Princeton pitching coach

interview conducted by todd starowitz

Joe Haumacher is entering his second season as the pitching coach at Princeton University.

Before joining the Ivy League school, Haumacher spent three years with the Baltimore Orioles. With the Orioles, he used industry leading technology to develop players from seven different countries as an affiliate pitching coach.

Off the field, he collaborated with scouting on amateur draft player acquisitions and helped design the department’s in-house delivery model for MLB Draft prospects. 

 

Following his collegiate career, Haumacher played professional baseball for three seasons in New Mexico (Pecos League) and New Jersey (CanAm League, Atlantic League).
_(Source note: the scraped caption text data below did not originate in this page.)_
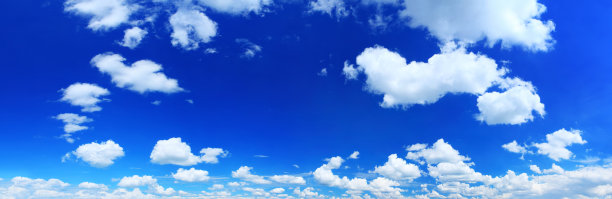 XXXL 51 Mpix全景图-蓝天和白云图片下载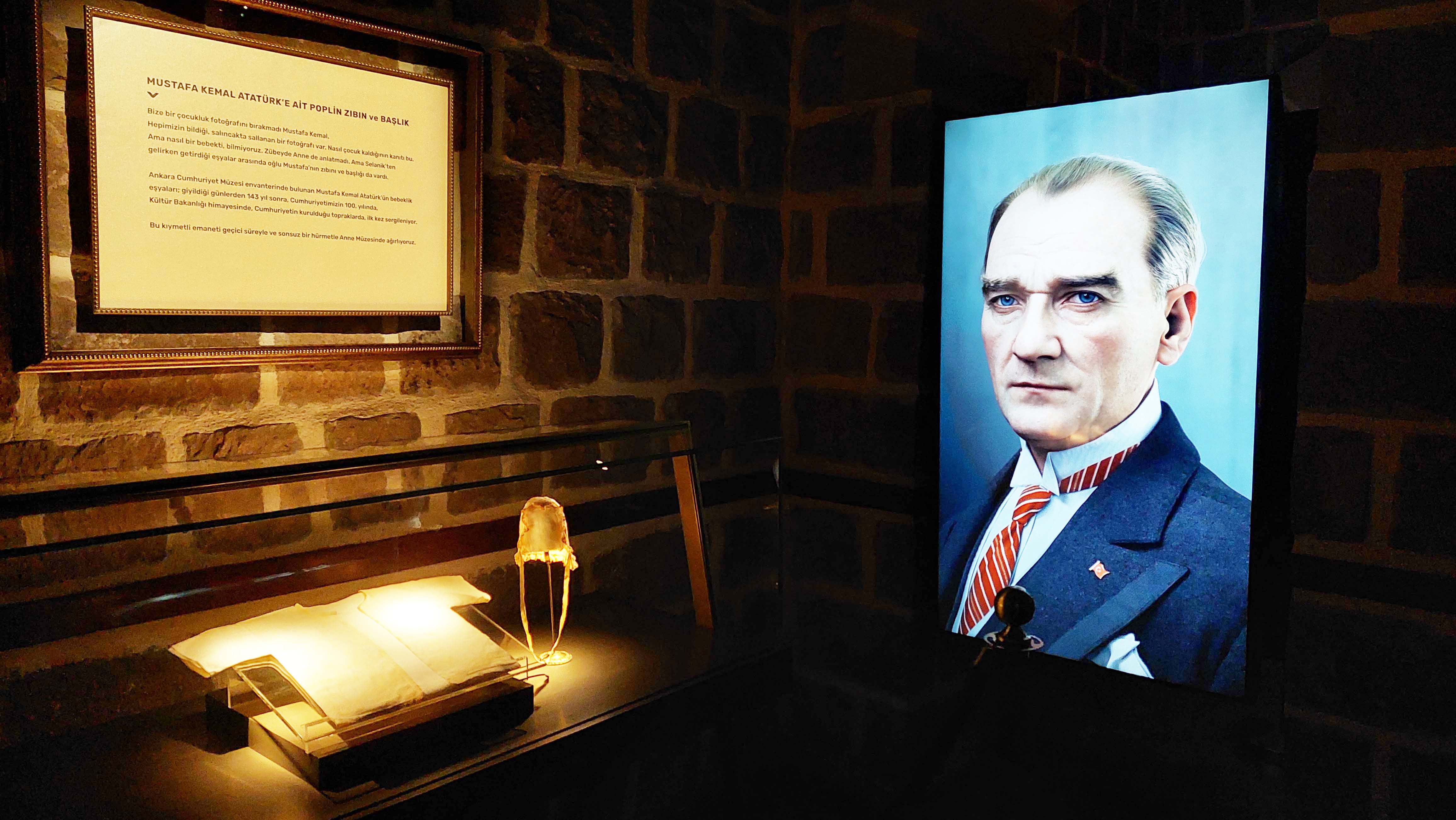 Mustafa Kemal Atatürk Bebeklik Zıbın Ve Şapka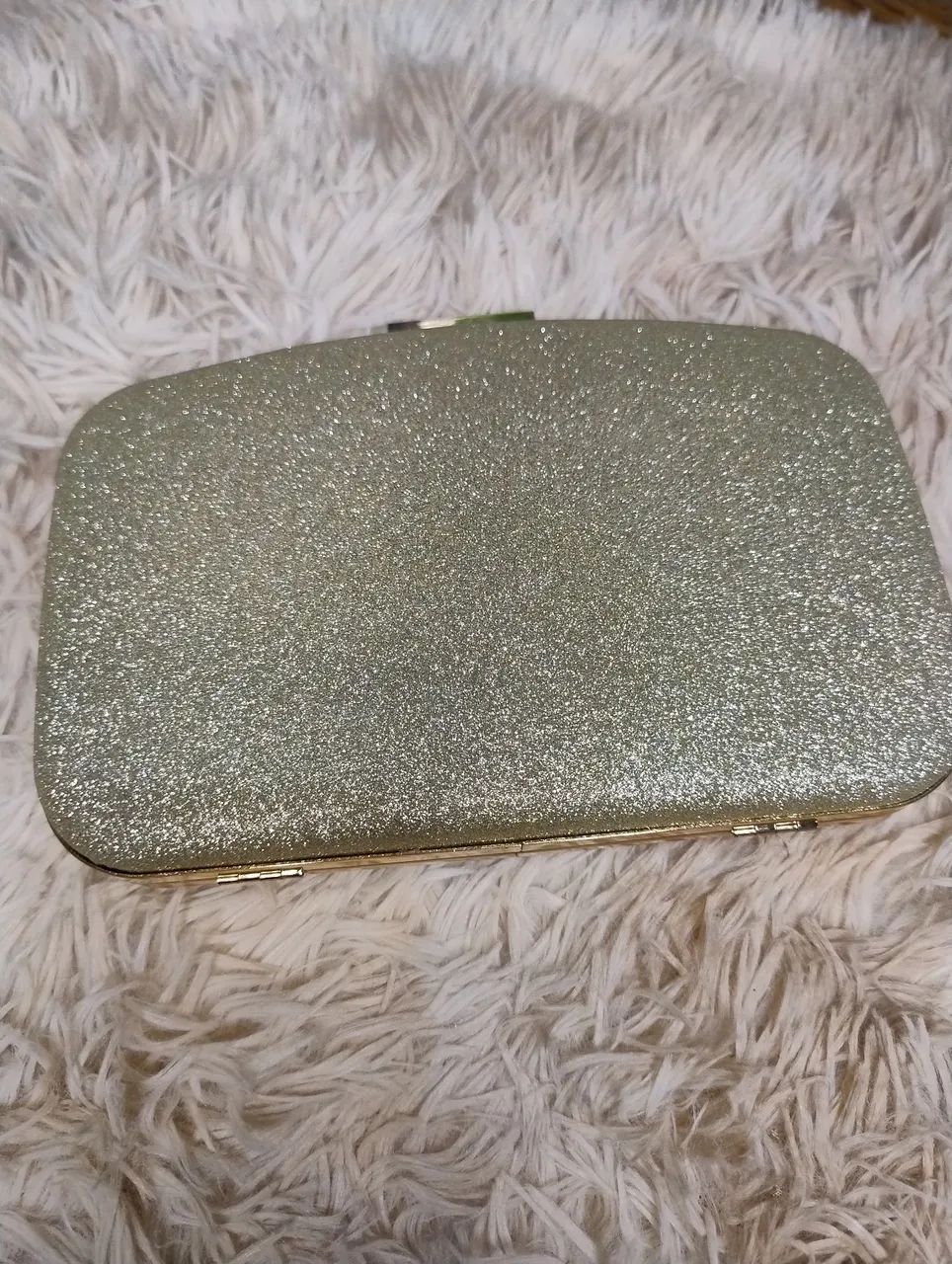 Bolsa de mão dourada - Foto 4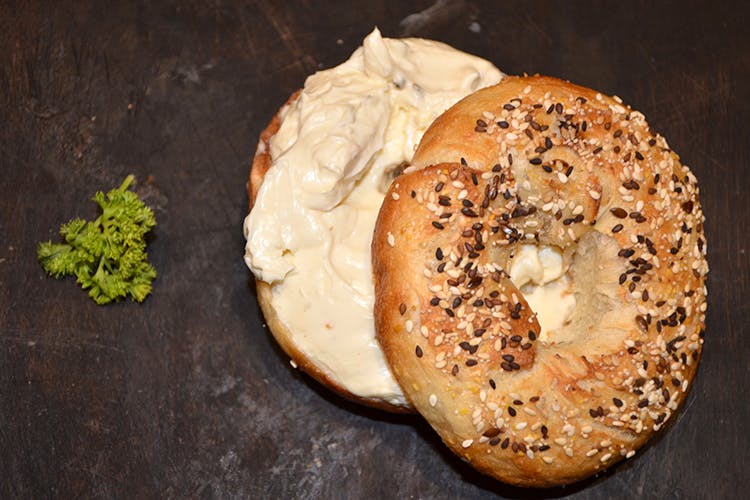 Food,Bagel,Dish,Ingredient,Cuisine,Kaiser roll,Bialy,Baked goods,Produce,Cheese spread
After his playing career, he moved on to coaching and was the manager of the Orange County Surf, a collegiate league based in California in 2015 and 2017, leading the team to titles in both seasons. He also served one season as the pitching coach at Raritan Valley Community College (Branchburg, N.J.).

In addition, Haumacher spent four years working with world-renowned pitching guru Tom House and the National Pitching Association at the University of Southern California. As a rotational athlete specialist, Haumacher worked with several professional baseball players, including Jaime Garcia, Jason Hammel and Ryan Sherriff, guiding them through arm rehabilitations, training regimens and delivery adjustments. 

When did you begin playing baseball?Every day I woke up from the time I could remember, I’d do the kid stuff I had to get done and then finish the day throwing baseballs into the compost pile in the backyard. I’d pick the baseballs up, put them in the bucket, and do it again. We lived in Middlesex County, New Jersey, and had a nice yard. There were neighborhood kids, and we’d do things, but they were too spastic, and I just wanted to throw baseballs. 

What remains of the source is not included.